<D <M <Y
Y> M> D>

Albion: I started reading Albion: The Origins of the English Imagination by Peter Ackroyd. He follows various themes such as spirals, melancholy, interlacement, in English literature, art, music, etc., from the very beginnings to the present day. This is all very interesting. When he tries to claim origins for these themes, however, I think he is reaching. For example, the theme of trees, considered in the first chapter. Does he really believe that every tree in an English painting, the Robin Hood legend, every branching pattern in a piece of music originates in some kind of cellular memory of the Druids? I think that's a stretch.

Ackroyd is not a professor of English language and literature; he is a writer, albeit an award winning one. This book kind of reads like a PhD dissertation, though.

I'll be alternating this book with chapters of Stephen J. Gould's last book, which I have almost finished. Next on the list is the Borges biography.

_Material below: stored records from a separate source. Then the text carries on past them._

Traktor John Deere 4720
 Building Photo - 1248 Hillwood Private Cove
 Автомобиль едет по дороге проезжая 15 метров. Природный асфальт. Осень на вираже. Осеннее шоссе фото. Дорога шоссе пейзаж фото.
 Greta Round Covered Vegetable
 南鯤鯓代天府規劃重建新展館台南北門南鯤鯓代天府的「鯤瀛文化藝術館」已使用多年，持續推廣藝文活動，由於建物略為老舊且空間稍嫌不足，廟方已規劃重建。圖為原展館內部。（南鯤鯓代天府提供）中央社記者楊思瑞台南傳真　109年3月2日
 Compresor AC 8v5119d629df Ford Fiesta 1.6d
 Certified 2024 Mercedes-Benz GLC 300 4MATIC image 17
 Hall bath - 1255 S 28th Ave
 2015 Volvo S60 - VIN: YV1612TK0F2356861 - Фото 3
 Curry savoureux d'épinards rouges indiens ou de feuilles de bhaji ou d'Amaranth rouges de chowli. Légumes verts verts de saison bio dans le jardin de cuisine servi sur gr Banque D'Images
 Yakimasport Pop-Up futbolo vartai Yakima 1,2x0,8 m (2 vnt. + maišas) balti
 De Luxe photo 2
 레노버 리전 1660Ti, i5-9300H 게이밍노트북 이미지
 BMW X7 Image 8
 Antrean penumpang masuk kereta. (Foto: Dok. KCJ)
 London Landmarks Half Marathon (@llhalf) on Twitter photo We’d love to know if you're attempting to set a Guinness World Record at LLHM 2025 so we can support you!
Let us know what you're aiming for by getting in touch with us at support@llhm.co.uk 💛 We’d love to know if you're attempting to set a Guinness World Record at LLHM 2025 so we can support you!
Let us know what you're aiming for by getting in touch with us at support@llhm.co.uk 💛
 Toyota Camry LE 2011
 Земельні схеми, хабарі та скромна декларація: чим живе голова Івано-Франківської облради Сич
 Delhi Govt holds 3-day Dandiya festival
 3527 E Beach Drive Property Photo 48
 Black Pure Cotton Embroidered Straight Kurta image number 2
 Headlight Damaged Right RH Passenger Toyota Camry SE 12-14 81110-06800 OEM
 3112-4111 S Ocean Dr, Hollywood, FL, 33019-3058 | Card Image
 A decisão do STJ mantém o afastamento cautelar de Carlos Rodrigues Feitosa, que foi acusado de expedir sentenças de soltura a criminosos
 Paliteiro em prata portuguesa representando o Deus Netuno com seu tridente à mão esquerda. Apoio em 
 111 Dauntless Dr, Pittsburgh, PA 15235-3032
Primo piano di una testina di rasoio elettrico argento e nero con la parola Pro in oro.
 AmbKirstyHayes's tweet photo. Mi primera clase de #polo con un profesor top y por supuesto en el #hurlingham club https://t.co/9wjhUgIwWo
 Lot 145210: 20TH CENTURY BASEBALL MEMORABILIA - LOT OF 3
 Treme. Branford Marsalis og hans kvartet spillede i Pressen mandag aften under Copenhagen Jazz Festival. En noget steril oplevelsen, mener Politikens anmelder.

The Week Is Over: Well, I made it through this week. I think I can already tell which students are going to pass the class and which won't. I have one girl who is repeating the class who had Brenda Freney before. When I had her write the practice test, she left off every ending of every verb and had just pitiful paragraph development. When I conferenced with her about it, she said, "Oh, Ms. Freney told me that too!" Well, if she'd been told that before (possibly over and over all semester) why doesn't she DO something about it? Today in class she fell asleep.

I didn't feel all that great the whole morning, so I came home and went to bed and when I woke up I really was sick. I am going to Enrichment Night anyhow though. I need to get out of my shell and attend social functions as long as I can so that I don't become some sort of poor me whiner huddled in a corner waiting to die. It's almost time for me to put Gretel out so that I can leave.

[Comments] (2) Twist and Turn: I'm reading that the French farmers are blocking the new EU budget because they stand to lose massive EU farm subsidies. This is the same block of voters who wouldn't ratify the constitution because they wanted to protect their industry. Come on, Jean-Pierre, you can't have it both ways. Wiggleworms.


© 2001-2006 Frances Whitney.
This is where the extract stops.